Data for processing Start Marker

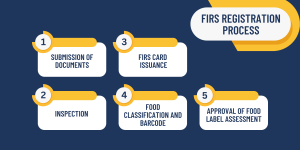 firs-registration-process-to-import-sample-food-products-in-dubai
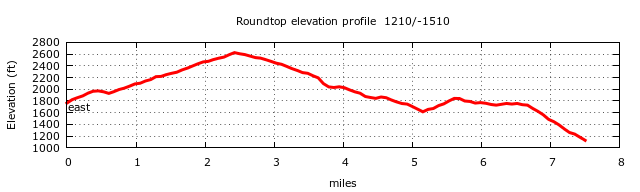 Roundtop Trail Elevation Profile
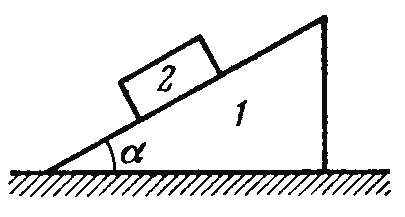 Prism 1 of mass m1 and with angle a (see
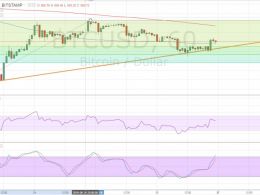 Bitcoin Price Technical Analysis for 06/27/2016 – Bulls Ready to Charge Again?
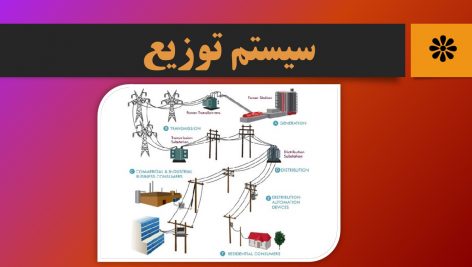 دانلود پاورپوینت سیستم توزیع و فیوز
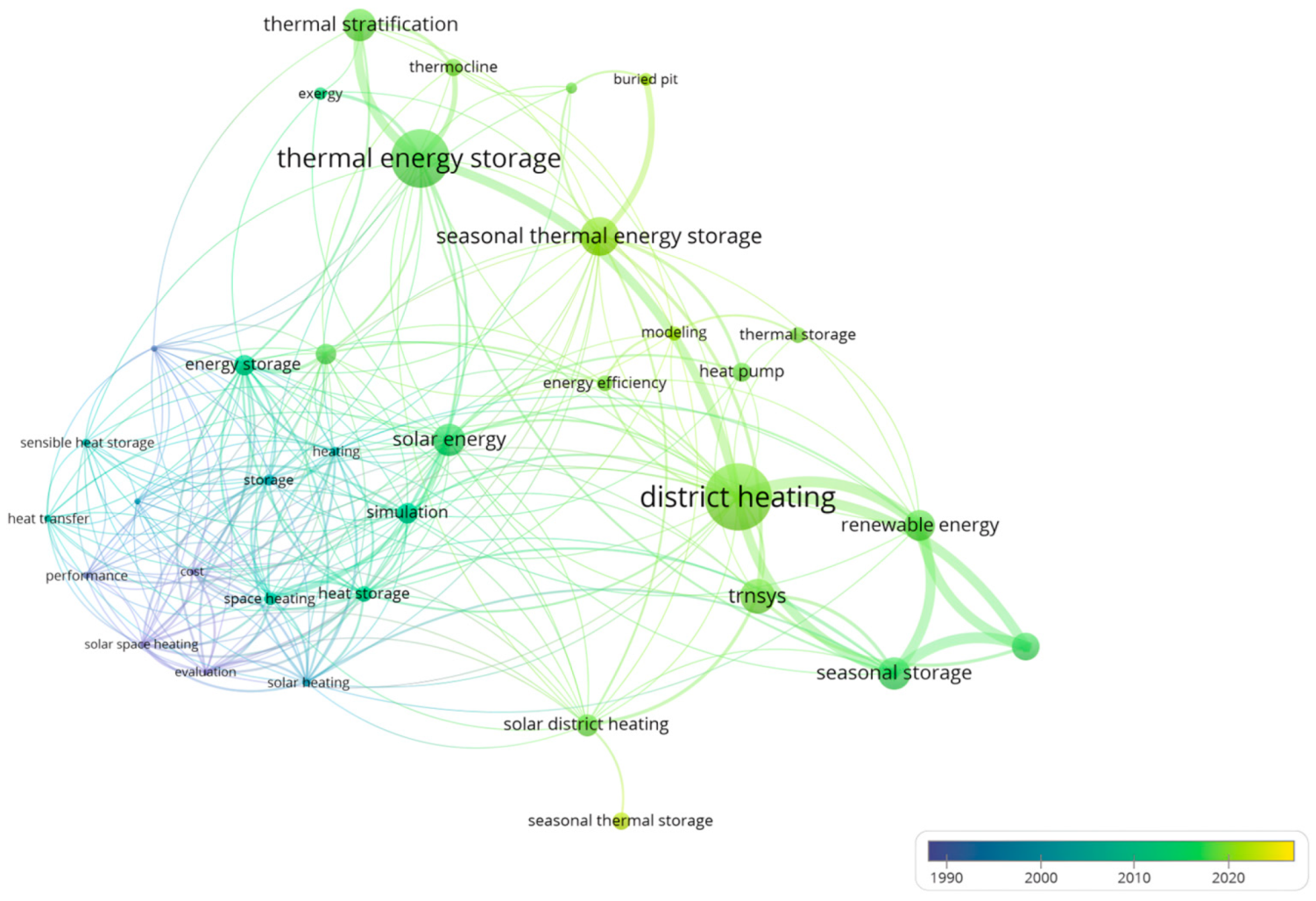Processes 12 01623 g004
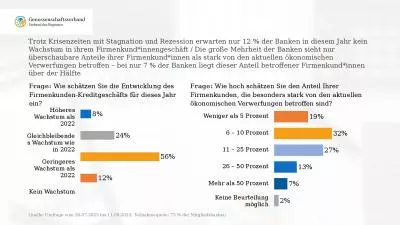 Frage:  Wie schätzen Sie die Entwicklung des Firmenkunden-Kreditgeschäfts für dieses Jahr ein?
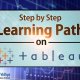 Learning Path: Your...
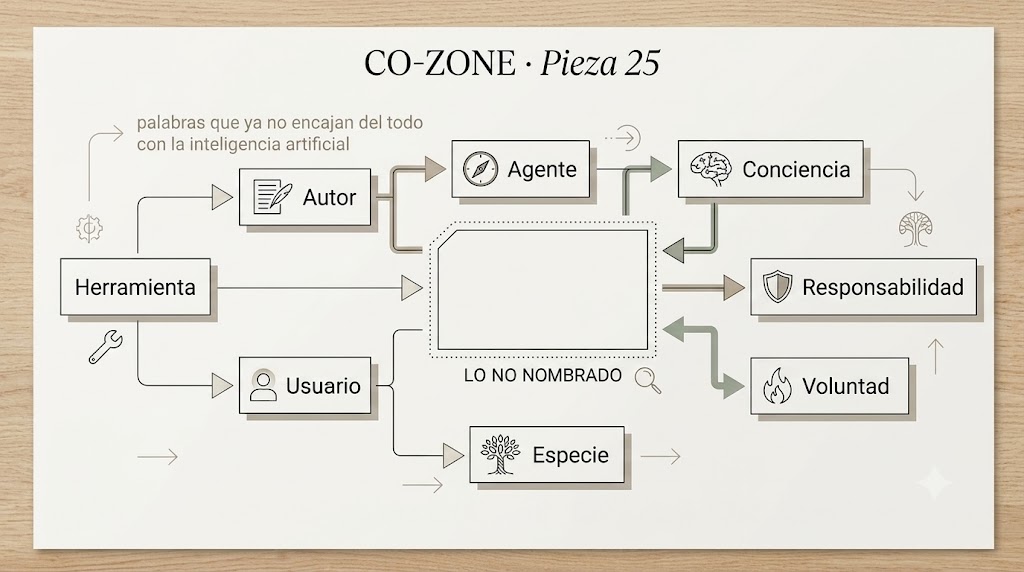 Imagen editorial generada con Gemini 3.1 para Nombrar lo que aún no entendemos.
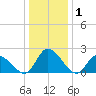 West Creek tide chart for Wednesday, January 1, 2025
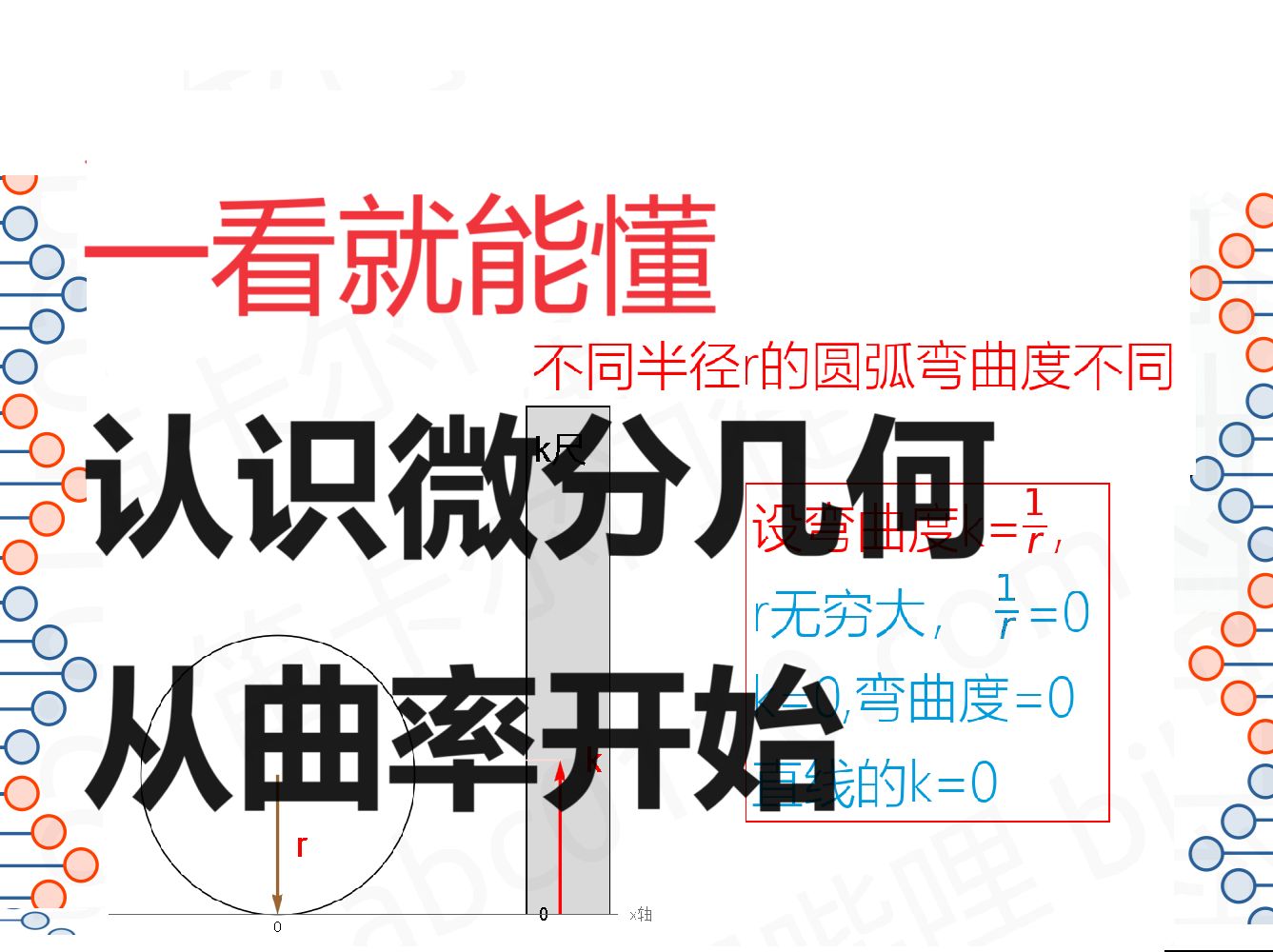 认识微分几何从曲率开始,人人都能懂的微分几何哔哩哔哩bilibili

Data for processing End Marker

**Assignment:** Exact copy, pictures excluded: print only the lines from the line containing "West Creek tide" through the end of the records.

**Exercise result:**
 West Creek tide chart for Wednesday, January 1, 2025
 认识微分几何从曲率开始,人人都能懂的微分几何哔哩哔哩bilibili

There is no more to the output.